Write out again, word for word, the lines below from the line that holds "Let's look at" through the line that holds "લકતેમાય આધાકાપ રીફાઇન્ળ", omitting pictures.

• Given data:
-- Opening Marker --
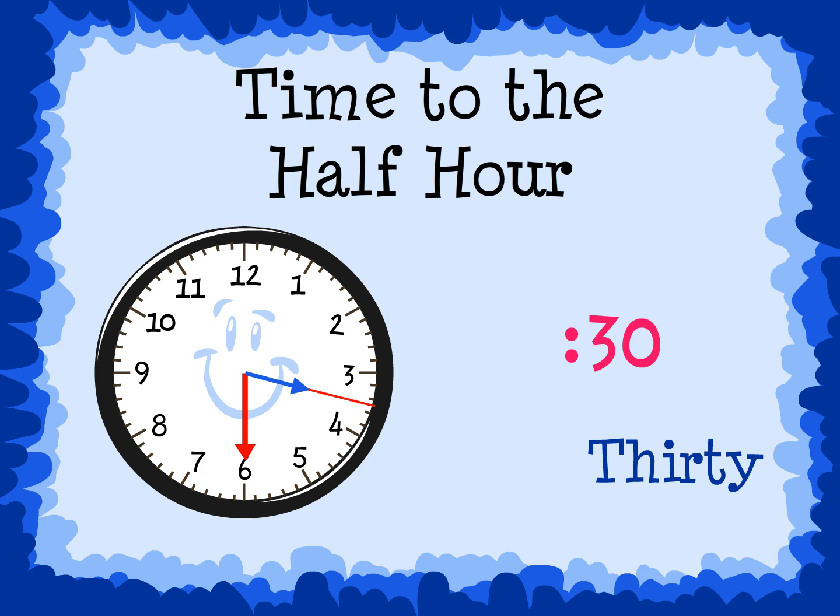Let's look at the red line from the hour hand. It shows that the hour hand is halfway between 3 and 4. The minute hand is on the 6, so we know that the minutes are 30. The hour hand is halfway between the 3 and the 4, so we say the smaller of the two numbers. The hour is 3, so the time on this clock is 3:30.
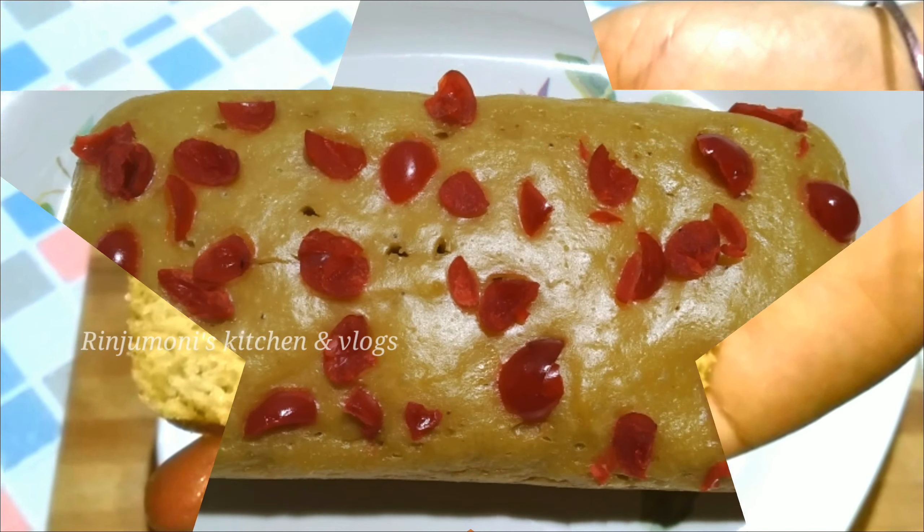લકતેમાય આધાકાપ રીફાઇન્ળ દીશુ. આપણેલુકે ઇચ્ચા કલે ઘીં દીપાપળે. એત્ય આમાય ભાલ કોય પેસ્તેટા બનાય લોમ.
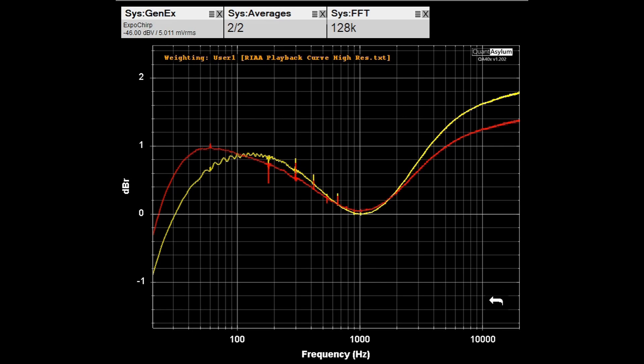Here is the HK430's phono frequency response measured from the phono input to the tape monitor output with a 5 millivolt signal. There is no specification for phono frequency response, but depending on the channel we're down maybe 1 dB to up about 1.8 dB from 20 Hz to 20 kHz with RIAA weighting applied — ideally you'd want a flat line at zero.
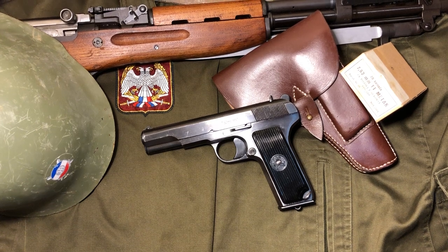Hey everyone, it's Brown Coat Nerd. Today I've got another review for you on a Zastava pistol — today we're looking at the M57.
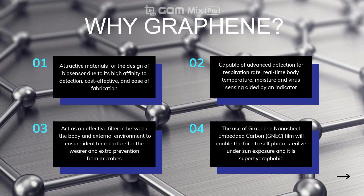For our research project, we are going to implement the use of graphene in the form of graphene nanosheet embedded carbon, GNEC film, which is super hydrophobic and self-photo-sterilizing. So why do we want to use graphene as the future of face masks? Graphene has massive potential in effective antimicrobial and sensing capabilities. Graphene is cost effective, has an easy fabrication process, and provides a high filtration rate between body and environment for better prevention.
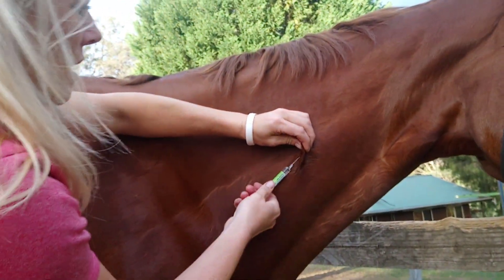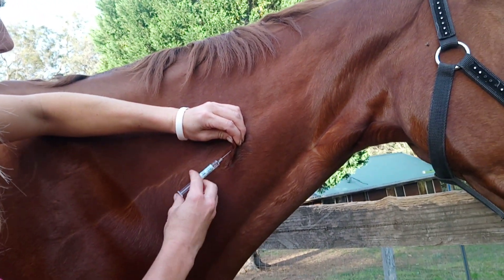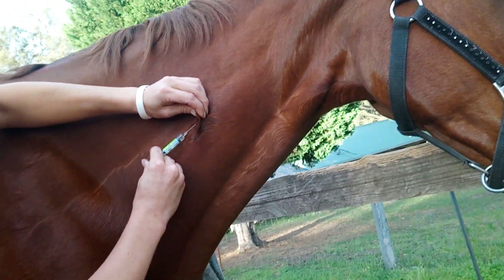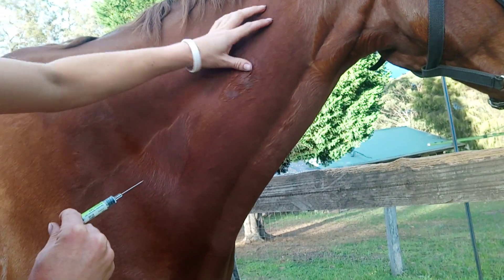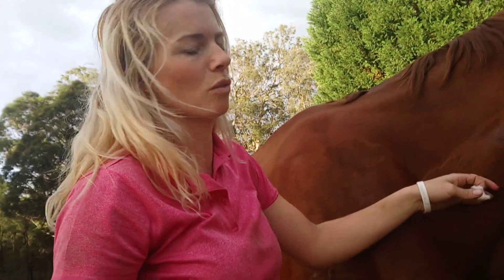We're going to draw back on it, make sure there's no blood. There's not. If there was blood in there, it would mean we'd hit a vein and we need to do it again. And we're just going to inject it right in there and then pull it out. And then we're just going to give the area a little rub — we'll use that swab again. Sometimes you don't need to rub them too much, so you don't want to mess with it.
-- Closing Marker --
-- Opening Marker --
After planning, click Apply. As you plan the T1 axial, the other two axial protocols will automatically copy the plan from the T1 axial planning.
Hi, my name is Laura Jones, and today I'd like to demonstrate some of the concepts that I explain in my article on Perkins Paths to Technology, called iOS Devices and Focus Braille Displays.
-- Closing Marker --
• Reply:
Let's look at the red line from the hour hand. It shows that the hour hand is halfway between 3 and 4. The minute hand is on the 6, so we know that the minutes are 30. The hour hand is halfway between the 3 and the 4, so we say the smaller of the two numbers. The hour is 3, so the time on this clock is 3:30.
લકતેમાય આધાકાપ રીફાઇન્ળ દીશુ. આપણેલુકે ઇચ્ચા કલે ઘીં દીપાપળે. એત્ય આમાય ભાલ કોય પેસ્તેટા બનાય લોમ.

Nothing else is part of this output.